Under Title VII of the Civil Rights Act of 1964, businesses must reasonably accommodate an employee’s religious observance unless it would impose an “undue hardship on the conduct of the employer’s business.”
In 1977, the Supreme Court in Trans World Airlines Inc. v. Hardison defined “undue hardship” as “more than a de minimis burden,” the Latin term for minimal.
Both Groff and the Justice Department agreed the standard shouldn’t be taken literally. But they sparred before the justices on the new verbiage the court should replace it with and whether Hardison should be outright overturned.
After turning away multiple requests to revisit the decades-old standard in the past, the court has now heightened the test — but did not overturn the Hardison decision — adding to a string of decisions that have expanded religious rights under the First Amendment and other laws.

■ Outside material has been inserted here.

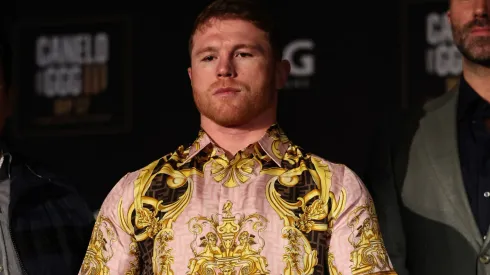 Boxer Canelo Alvarez poses with his championship belts at the end of the press conference during the press tour for his fight against Gennady Golovkin on June 27, 2022 in New York City.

Groff wanted the 1977 decision overturned and replaced with a “significant difficulty or expense” standard. Various religious groups, 10 Republican members of Congress and 22 Republican state attorneys general backed Groff’s appeal before the high court.
The Justice Department urged the court to instead update and reinforce Hardison, warning that explicitly disavowing it would disrupt decades of case law that has relied upon it. The American Postal Workers Union, 11 Democratic state attorneys general and various atheist groups supported the Justice Department.
The sides also sparred over whether businesses can cite burdens on other employees when rejecting an accommodation request. The lower court had ruled that exempting Groff from working on Sundays would have imposed burdens on his coworkers by disrupting the workflow and diminishing employee morale.
The high court ruled that impacts on coworkers are relevant only to the extent those impacts go on to affect the conduct of the business.